Copper futures on the Multi Commodity Exchange (MCX), after witnessing higher volatility in November, steadily gained in December until it faced resistance at ₹713. While the prices did not fall off this level, the contract started to consolidate between ₹700 and ₹713.

On Wednesday, the contract went above ₹713, and is currently hovering around ₹717. While there is high likelihood of a rally from the current level, one should note that the price level of ₹720 is a key hurdle. The battle is won only if the bulls can lift the contract above ₹720.

Such a break can lead to another leg of a rally where the contract can touch ₹760, its nearest resistance above ₹720, quickly. Subsequent resistance is at ₹800.
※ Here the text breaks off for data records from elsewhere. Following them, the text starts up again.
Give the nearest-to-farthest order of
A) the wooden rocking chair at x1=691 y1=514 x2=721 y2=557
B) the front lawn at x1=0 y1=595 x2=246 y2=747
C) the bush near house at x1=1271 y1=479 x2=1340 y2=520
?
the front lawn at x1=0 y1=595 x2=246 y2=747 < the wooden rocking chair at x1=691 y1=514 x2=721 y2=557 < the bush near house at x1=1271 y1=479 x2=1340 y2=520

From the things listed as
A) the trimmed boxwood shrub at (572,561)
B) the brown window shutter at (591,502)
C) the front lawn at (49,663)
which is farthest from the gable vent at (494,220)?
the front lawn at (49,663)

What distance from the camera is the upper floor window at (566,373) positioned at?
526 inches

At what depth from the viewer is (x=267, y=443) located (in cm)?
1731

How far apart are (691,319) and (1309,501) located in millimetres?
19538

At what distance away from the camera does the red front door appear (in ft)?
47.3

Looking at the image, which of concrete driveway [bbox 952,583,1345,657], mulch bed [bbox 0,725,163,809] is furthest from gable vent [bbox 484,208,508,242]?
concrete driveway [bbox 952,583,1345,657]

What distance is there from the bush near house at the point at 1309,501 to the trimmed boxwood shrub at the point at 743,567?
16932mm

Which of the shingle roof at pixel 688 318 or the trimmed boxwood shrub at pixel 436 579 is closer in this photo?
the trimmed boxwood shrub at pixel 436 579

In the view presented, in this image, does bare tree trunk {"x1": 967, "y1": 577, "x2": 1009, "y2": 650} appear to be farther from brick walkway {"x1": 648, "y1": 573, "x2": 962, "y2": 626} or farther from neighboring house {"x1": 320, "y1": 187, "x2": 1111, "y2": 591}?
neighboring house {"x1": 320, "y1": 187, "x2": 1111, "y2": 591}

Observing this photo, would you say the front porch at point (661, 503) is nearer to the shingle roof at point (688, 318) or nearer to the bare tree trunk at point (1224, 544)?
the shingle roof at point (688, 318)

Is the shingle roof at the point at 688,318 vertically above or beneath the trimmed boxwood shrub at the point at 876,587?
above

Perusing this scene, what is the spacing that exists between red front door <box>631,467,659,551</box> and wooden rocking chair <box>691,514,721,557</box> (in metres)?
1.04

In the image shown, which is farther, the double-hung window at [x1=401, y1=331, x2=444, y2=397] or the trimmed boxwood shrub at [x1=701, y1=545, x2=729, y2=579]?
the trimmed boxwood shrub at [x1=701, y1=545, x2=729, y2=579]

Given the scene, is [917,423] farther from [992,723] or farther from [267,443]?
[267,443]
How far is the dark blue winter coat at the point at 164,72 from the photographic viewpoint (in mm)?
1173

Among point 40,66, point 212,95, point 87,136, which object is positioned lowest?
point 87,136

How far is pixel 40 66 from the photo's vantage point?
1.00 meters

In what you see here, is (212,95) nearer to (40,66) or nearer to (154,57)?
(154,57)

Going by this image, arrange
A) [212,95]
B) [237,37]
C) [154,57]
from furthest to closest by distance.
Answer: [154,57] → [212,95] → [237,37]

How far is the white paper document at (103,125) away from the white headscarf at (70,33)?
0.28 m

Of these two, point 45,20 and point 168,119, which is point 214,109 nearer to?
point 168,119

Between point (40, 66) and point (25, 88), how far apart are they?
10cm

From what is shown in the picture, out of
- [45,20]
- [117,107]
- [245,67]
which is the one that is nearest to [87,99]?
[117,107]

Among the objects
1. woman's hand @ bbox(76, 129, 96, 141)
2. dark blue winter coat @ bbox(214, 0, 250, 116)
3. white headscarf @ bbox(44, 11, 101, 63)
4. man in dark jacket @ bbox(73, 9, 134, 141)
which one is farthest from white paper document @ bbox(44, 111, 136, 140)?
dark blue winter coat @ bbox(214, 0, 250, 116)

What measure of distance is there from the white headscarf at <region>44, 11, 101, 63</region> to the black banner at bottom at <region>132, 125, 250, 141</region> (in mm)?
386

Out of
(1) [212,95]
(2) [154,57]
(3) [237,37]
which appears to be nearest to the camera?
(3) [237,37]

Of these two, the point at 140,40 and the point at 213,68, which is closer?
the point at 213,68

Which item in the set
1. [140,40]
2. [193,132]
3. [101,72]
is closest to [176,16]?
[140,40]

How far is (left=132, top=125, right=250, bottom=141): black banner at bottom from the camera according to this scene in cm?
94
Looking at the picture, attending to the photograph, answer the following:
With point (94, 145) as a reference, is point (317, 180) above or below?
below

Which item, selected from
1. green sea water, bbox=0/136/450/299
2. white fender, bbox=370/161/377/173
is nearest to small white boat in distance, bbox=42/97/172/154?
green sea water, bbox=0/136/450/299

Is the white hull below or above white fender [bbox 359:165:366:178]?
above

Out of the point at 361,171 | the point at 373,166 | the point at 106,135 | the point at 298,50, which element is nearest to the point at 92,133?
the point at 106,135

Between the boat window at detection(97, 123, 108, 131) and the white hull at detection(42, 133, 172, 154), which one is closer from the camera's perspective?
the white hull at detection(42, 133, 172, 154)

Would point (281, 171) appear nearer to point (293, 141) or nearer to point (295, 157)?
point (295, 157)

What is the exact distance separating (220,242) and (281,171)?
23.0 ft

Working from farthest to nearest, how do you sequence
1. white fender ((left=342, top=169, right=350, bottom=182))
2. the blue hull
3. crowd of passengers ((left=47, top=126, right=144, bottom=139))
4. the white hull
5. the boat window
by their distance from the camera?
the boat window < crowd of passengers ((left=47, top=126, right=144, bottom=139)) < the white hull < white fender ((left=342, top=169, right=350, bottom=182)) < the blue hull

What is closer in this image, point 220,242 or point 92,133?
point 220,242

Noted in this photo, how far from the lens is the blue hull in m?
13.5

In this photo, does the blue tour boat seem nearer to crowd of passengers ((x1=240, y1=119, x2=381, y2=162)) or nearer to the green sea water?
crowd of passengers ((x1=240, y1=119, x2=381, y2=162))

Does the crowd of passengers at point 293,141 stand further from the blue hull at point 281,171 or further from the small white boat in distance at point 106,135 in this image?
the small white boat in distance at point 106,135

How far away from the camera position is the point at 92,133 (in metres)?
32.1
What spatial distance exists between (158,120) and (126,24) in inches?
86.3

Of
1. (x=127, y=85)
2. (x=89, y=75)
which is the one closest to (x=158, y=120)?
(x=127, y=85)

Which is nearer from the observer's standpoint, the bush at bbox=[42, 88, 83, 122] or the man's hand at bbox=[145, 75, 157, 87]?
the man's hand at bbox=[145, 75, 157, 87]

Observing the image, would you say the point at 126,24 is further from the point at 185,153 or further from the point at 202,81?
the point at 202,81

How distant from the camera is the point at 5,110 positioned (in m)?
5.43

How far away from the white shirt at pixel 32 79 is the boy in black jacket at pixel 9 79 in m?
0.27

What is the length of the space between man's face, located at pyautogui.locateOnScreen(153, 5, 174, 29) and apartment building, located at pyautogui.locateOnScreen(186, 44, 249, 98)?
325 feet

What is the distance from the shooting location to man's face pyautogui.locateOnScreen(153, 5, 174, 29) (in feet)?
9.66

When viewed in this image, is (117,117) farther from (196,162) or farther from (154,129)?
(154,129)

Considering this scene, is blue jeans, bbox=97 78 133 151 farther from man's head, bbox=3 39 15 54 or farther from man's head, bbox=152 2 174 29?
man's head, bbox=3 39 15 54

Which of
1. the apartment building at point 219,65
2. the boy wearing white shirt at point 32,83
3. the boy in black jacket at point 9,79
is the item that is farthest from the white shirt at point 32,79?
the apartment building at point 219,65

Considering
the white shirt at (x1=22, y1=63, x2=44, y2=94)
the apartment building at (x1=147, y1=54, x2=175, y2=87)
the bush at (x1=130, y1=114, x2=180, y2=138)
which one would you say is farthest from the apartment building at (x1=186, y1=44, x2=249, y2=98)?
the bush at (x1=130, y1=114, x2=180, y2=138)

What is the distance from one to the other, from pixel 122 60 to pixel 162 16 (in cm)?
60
If the contract declines from the current level, it can find support at ₹700 and at ₹680.

Trade strategy

Even though the bias has been bullish of late and the MCX copper futures has moved above the minor hurdle at ₹713, there is a major one at ₹720. Until this is breached, it is not a good idea to take fresh long positions.

Since the momentum is with the bulls, going short on the back of the resistance at ₹720, that too without any sign of a bearish reversal, is not wise.

Considering the above, one can wait and go long after the copper futures break out of ₹720. Place initial stop-loss at ₹690. When the contract touches ₹750, tighten the stop-loss to ₹730. Exit the shorts at ₹760.